The couple married in 1977 and divorced in 1992. They had three children together: Donald Jr., Ivanka and Eric.
“Ivana Trump was a survivor. She fled from communism and embraced this country. She taught her children about grit and toughness, compassion and determination,” the Trump family said in a statement. She grew up under Communist rule in the former Czechoslovakia.
Neither the Trump family statement nor the post from the former president mentioned the cause of death, but a police spokesperson said she was found dead on the stairs inside her apartment and that foul play was not suspected.
The New York Times, citing unnamed law enforcement officials, said it appeared accidental and she may have fallen down the stairs.
The Fire Department of New York said paramedics responded to a call to her apartment for a cardiac arrest.
She was born Ivana Marie Zelnickova on Feb. 20, 1949, in Gottwaldov, Czechoslovakia, the town where she grew up near Prague that is now known as Zlin in the Czech Republic.
She spent much of her youth in competitive skiing for the Czechoslovakian national system, later competing for Charles University in Prague, where she earned a master’s degree in physical education and languages, according to her biography posted by CMG Worldwide, a business agency for celebrities that represented her.
After university, she followed her love interest at the time, professional skier George Syrovatka, to Canada, and later began modeling for the Audrey Morris agency in Montreal, CMG said.
While on a modeling trip to New York in 1976, she met Donald Trump, CMG said, and they were married nine months later.
Ivana Trump played a role in building up the Trump media image in the 1980s, when they were one of New York City’s most prominent power couples.
While Donald Trump took the credit for his early success breaking into the highly competitive Manhattan real estate market, Ivana Trump also filled an important role in the family business soon after their marriage, the New York Times reported.
She worked alongside her husband in developing Trump Tower, his signature building on Fifth Avenue in Manhattan, and other high-profile projects such as the Trump Taj Mahal Casino Resort in Atlantic City, New Jersey, the Times said.
Ivana Trump was the vice president for interior design for the Trump Organization and managed the historic Plaza Hotel, which Trump acquired in 1988 all while raising their three children.
Their divorce, which came after Donald Trump’s highly publicized affair with Marla Maples, whom he later married, was fodder for the New York tabloids.
A New York judge cited “cruel and inhuman treatment” by Donald Trump in granting Ivana Trump’s request for divorce.
She appeared in the 1996 film “First Wives Club,” in which she tells three women whose husbands dumped them for younger women, “Don’t get mad.

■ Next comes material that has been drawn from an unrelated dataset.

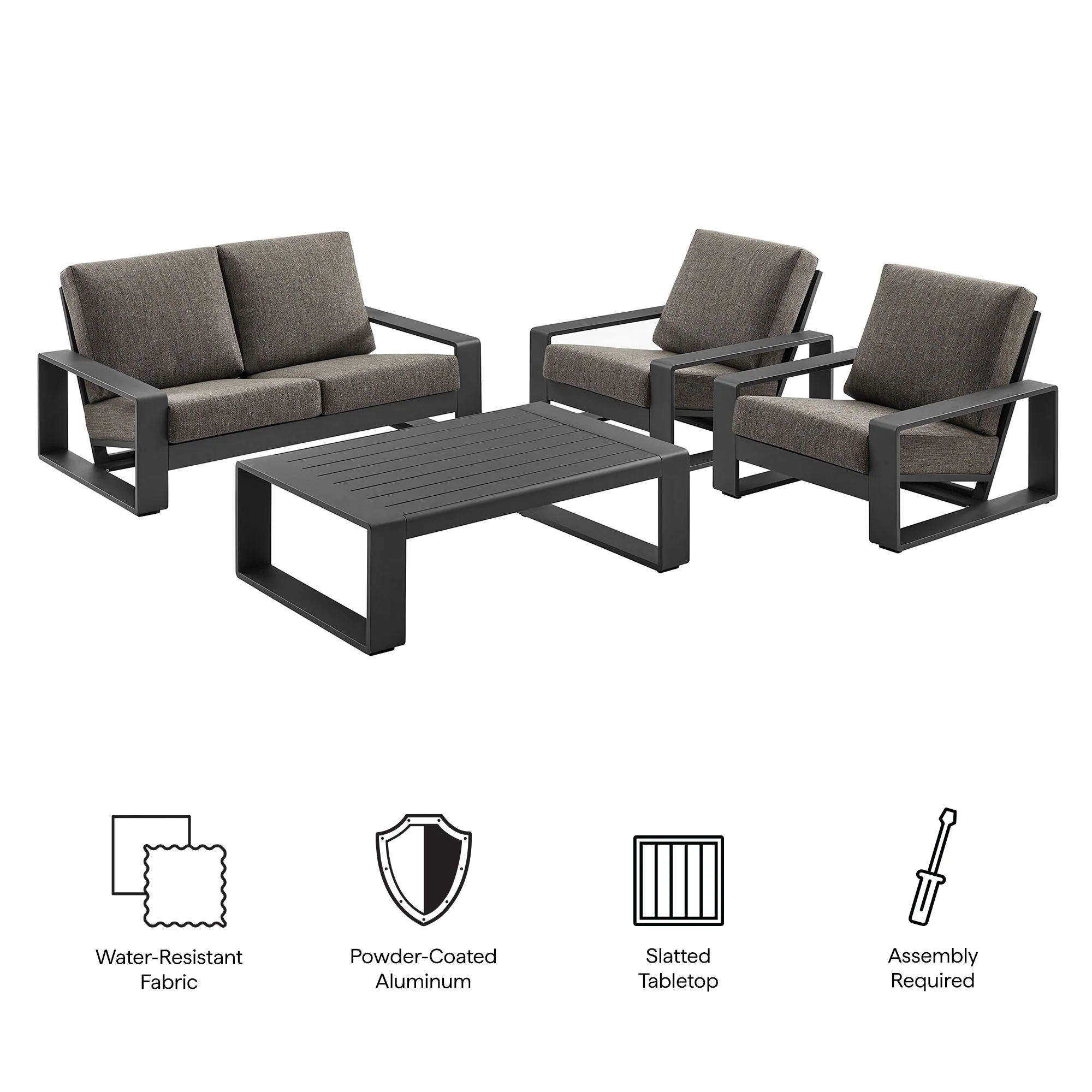 Lirienne 4-Piece Outdoor Patio Aluminum Furniture Set by Modway - Image 18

Get everything.”
In her divorce settlement, Ivana Trump received $14 million plus $650,000 per year to support their three children, a 45-room mansion in Connecticut, an apartment in Trump Plaza, and use of the Mar-a-Lago mansion in Florida for one month a year, the New York Times reported.
Whatever their previous differences, Ivana Trump supported her former husband’s run for the White House in 2016, telling interviewers she periodically offered him advice.
She told CBS television in 2017 that Trump offered her the ambassadorship to the Czech Republic but that she turned it down.
Ivana Trump is survived by her mother, her three children and 10 grandchildren, the family statement said.
She married three other times, including once before she met Trump in what she described as a Cold War marriage to obtain an Austrian passport. Her two later marriages also ended in divorce.